### Activity
Using the listing below, retype exactly the lines starting at the one with "Over 20 renowned" and ending at the one with "卡游【浮浮/玩法】海绵宝宝妙趣时光收藏卡-典藏包", and include both.

### Input data
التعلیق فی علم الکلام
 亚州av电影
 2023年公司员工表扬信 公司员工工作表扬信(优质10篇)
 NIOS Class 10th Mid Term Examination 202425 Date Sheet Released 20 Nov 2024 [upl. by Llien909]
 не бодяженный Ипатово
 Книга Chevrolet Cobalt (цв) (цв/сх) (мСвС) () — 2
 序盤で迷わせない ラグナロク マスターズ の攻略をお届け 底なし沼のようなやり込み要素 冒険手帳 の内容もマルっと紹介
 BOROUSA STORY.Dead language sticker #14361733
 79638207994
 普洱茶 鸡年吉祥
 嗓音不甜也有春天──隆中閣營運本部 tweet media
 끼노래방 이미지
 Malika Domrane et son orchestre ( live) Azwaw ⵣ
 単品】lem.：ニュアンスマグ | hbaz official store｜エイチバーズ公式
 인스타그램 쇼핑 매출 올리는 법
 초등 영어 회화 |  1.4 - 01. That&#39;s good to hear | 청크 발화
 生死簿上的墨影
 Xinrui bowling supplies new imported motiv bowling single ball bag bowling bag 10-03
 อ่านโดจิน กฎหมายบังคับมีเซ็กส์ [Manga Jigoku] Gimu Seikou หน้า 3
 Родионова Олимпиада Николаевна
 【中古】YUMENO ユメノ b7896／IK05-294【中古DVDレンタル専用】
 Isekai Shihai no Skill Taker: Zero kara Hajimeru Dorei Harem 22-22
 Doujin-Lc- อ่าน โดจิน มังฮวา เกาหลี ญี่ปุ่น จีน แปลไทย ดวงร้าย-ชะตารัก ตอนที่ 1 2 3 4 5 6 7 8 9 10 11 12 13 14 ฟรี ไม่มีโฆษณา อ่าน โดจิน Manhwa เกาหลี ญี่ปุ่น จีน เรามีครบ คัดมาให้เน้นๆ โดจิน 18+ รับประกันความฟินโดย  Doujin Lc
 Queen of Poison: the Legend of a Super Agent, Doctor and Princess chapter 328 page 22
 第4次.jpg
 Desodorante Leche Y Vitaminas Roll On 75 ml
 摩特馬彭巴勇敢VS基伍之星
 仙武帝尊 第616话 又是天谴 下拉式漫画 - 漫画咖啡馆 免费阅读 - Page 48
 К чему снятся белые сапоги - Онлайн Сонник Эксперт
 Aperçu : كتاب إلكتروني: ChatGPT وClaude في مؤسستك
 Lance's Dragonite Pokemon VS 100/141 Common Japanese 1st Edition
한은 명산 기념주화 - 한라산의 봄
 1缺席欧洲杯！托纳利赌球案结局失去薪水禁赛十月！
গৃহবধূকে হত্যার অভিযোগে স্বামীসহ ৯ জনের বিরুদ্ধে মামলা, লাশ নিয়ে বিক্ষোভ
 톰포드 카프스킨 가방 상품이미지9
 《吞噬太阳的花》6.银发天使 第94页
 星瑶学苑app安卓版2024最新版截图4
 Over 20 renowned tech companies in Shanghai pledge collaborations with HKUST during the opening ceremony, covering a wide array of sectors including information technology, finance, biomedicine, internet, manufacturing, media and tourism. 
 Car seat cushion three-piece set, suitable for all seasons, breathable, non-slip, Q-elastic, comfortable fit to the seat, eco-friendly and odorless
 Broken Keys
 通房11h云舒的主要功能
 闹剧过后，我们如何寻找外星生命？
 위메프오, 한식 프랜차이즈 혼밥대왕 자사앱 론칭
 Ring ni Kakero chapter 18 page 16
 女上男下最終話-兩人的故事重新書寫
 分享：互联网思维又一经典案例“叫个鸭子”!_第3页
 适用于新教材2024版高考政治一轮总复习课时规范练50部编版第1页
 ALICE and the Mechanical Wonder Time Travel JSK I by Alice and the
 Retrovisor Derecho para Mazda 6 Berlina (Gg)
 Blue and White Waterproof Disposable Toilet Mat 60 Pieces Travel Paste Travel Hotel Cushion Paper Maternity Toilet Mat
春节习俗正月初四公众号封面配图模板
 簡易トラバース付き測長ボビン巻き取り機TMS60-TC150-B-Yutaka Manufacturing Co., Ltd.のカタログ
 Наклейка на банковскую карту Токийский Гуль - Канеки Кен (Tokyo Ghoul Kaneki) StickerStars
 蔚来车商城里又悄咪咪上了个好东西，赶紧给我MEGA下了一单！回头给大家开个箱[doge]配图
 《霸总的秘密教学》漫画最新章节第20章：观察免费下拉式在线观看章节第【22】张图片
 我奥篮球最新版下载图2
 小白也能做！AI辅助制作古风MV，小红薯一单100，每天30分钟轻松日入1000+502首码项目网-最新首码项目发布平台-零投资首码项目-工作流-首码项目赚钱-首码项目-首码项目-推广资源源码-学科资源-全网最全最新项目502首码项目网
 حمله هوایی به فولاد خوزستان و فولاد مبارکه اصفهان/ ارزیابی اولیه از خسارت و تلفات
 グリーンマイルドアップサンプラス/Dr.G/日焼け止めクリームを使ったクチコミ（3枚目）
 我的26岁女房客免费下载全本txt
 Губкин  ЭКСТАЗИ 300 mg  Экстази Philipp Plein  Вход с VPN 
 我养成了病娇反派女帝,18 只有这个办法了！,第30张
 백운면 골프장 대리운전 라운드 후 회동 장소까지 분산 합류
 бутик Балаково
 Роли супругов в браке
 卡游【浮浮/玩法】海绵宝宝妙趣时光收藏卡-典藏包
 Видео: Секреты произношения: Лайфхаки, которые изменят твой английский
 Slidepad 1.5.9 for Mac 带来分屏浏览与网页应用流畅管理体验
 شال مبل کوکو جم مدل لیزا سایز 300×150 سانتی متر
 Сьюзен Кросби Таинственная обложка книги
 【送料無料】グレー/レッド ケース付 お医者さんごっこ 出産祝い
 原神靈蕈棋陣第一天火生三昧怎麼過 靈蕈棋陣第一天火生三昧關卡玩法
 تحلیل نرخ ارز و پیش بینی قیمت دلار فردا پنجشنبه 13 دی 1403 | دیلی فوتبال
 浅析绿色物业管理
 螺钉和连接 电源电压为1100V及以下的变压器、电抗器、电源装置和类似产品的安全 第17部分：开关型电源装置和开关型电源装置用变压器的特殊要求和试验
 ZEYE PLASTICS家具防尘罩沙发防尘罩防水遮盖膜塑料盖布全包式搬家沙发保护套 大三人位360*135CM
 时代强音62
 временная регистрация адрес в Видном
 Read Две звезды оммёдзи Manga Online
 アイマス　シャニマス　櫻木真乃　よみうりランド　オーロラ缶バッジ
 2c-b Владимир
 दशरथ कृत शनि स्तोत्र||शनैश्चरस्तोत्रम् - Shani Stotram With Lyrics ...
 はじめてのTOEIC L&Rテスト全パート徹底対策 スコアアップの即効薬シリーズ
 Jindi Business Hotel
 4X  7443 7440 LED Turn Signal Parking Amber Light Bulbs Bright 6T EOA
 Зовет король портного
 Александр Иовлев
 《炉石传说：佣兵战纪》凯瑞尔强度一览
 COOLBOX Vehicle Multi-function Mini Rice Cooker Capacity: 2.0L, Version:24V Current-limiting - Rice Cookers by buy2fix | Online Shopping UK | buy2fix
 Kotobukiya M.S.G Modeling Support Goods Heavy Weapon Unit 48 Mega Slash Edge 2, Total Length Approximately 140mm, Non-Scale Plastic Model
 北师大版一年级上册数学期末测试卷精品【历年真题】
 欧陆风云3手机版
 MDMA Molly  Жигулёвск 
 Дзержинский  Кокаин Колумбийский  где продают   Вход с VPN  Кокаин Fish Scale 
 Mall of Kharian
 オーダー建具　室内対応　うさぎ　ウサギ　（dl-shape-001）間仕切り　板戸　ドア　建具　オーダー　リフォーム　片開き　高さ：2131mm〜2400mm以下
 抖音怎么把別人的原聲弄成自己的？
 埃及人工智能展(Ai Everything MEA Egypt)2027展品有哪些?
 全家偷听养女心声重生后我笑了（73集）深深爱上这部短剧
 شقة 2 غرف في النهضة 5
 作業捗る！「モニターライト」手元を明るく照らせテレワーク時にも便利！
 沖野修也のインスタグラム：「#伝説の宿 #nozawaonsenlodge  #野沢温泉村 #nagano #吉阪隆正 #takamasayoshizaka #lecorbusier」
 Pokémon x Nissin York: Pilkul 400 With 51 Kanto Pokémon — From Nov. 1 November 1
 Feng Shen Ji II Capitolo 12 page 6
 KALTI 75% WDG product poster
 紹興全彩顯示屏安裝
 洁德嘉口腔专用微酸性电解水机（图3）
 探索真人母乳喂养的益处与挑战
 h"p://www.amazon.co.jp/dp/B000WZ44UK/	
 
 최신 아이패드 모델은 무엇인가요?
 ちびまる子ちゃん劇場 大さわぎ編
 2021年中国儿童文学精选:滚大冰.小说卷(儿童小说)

### Solution for this task
 Over 20 renowned tech companies in Shanghai pledge collaborations with HKUST during the opening ceremony, covering a wide array of sectors including information technology, finance, biomedicine, internet, manufacturing, media and tourism. 
 Car seat cushion three-piece set, suitable for all seasons, breathable, non-slip, Q-elastic, comfortable fit to the seat, eco-friendly and odorless
 Broken Keys
 通房11h云舒的主要功能
 闹剧过后，我们如何寻找外星生命？
 위메프오, 한식 프랜차이즈 혼밥대왕 자사앱 론칭
 Ring ni Kakero chapter 18 page 16
 女上男下最終話-兩人的故事重新書寫
 分享：互联网思维又一经典案例“叫个鸭子”!_第3页
 适用于新教材2024版高考政治一轮总复习课时规范练50部编版第1页
 ALICE and the Mechanical Wonder Time Travel JSK I by Alice and the
 Retrovisor Derecho para Mazda 6 Berlina (Gg)
 Blue and White Waterproof Disposable Toilet Mat 60 Pieces Travel Paste Travel Hotel Cushion Paper Maternity Toilet Mat
春节习俗正月初四公众号封面配图模板
 簡易トラバース付き測長ボビン巻き取り機TMS60-TC150-B-Yutaka Manufacturing Co., Ltd.のカタログ
 Наклейка на банковскую карту Токийский Гуль - Канеки Кен (Tokyo Ghoul Kaneki) StickerStars
 蔚来车商城里又悄咪咪上了个好东西，赶紧给我MEGA下了一单！回头给大家开个箱[doge]配图
 《霸总的秘密教学》漫画最新章节第20章：观察免费下拉式在线观看章节第【22】张图片
 我奥篮球最新版下载图2
 小白也能做！AI辅助制作古风MV，小红薯一单100，每天30分钟轻松日入1000+502首码项目网-最新首码项目发布平台-零投资首码项目-工作流-首码项目赚钱-首码项目-首码项目-推广资源源码-学科资源-全网最全最新项目502首码项目网
 حمله هوایی به فولاد خوزستان و فولاد مبارکه اصفهان/ ارزیابی اولیه از خسارت و تلفات
 グリーンマイルドアップサンプラス/Dr.G/日焼け止めクリームを使ったクチコミ（3枚目）
 我的26岁女房客免费下载全本txt
 Губкин  ЭКСТАЗИ 300 mg  Экстази Philipp Plein  Вход с VPN 
 我养成了病娇反派女帝,18 只有这个办法了！,第30张
 백운면 골프장 대리운전 라운드 후 회동 장소까지 분산 합류
 бутик Балаково
 Роли супругов в браке
 卡游【浮浮/玩法】海绵宝宝妙趣时光收藏卡-典藏包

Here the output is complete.